I’m not here to write about love in any explicit way, though. (Insert standard “If this be false, and upon me proved…” caveat here.) I’m here to write about stories.

I can only assume everyone starts out life believing all stories are true. I’m no chemist, so I’m not going to call so few data points a trend, but it just seems natural to me that people come into the world that way. Maybe that’s some kind of species memory, maybe it’s simple naïveté. I tend to think that it bleeds in from somewhere else entirely.

The next step is the whole ‘harsh reality’ kick. Toughen the kids up so they can be ‘functioning’ adults. Tell them that stories aren’t true. That stories aren’t real. We lose most of them here, of course. It’s to be expected. And when it comes to it you can’t really blame the ‘functioning’ adults. It’s very hard to imagine things from a different perspective than your own, so if that’s how you function that’s how you think it’s done and that’s what you teach the children in your care so that they can function too.

Steps three and four are part observation and part speculation for me — I left the path at step two. Still, even if I’m wrong and even though they’re optional I still think they are instructional so I’m going to include them anyway. Step three is when you realise that some stories are inarguably true. Maybe that happens when you start coming across books and movies of true events, more likely it’s when you figure out that people think and communicate in stories. When you figure out that news is stories, that decent conversations are stories, that lives are stories. That puts a crack in the “stories aren’t real” theory, and it’s enough that we get some of them back at that point.
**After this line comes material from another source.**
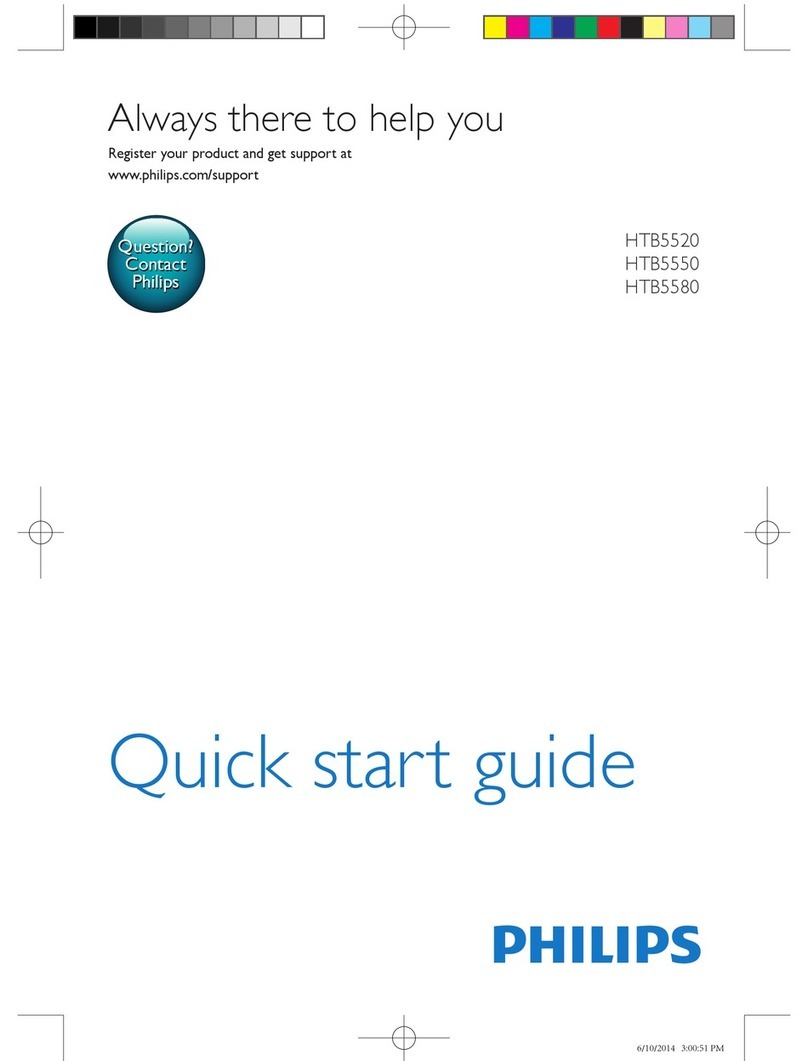 Philips HTB5520 quick start guide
Step four seems to usually happen around university age, though that is not a hard and fast rule. It’s part arts-kick, part philosophy-kick, and it boils down to the thought: “All stories are true, for a given value of true.” Many people who reach that point just feel smug and leave off there. Some go on to the much better: “All stories are true, here and now, for a given value of here and now.”

It was love for a character, you see. I don’t even remember which one. Maybe even love for a place. Love, the kind of love that starts things, for something that most people wouldn’t even consider real. And look, I understand that. I do. If you’re reading this and starting to form the opinion that I’m crazy, let’s agree to disagree. Because I understand your position. I respect your position, even. These things aren’t real in any useful way to most people, and to most people that amounts to the same thing. It’s like Pluto. People got all up in arms about it because people like to get up in arms about things, but when it comes down to it most people don’t care whether Pluto is a planet or not because to them Pluto might as well not be real. And keep in mind that there’s physical evidence for Pluto. Faith without evidence is just plain faith. Faith without impetus is scarily close to madness. So, yes, I understand people that don’t consider these things real. I’ve even been known to get along with people who don’t consider them at all. But they are real to me.

I have love for places. The sprawling castle of Gormenghast. Hogwarts. I have love for characters. Alice. Peter. Dozens more, besides.

That’s what started it. It was love.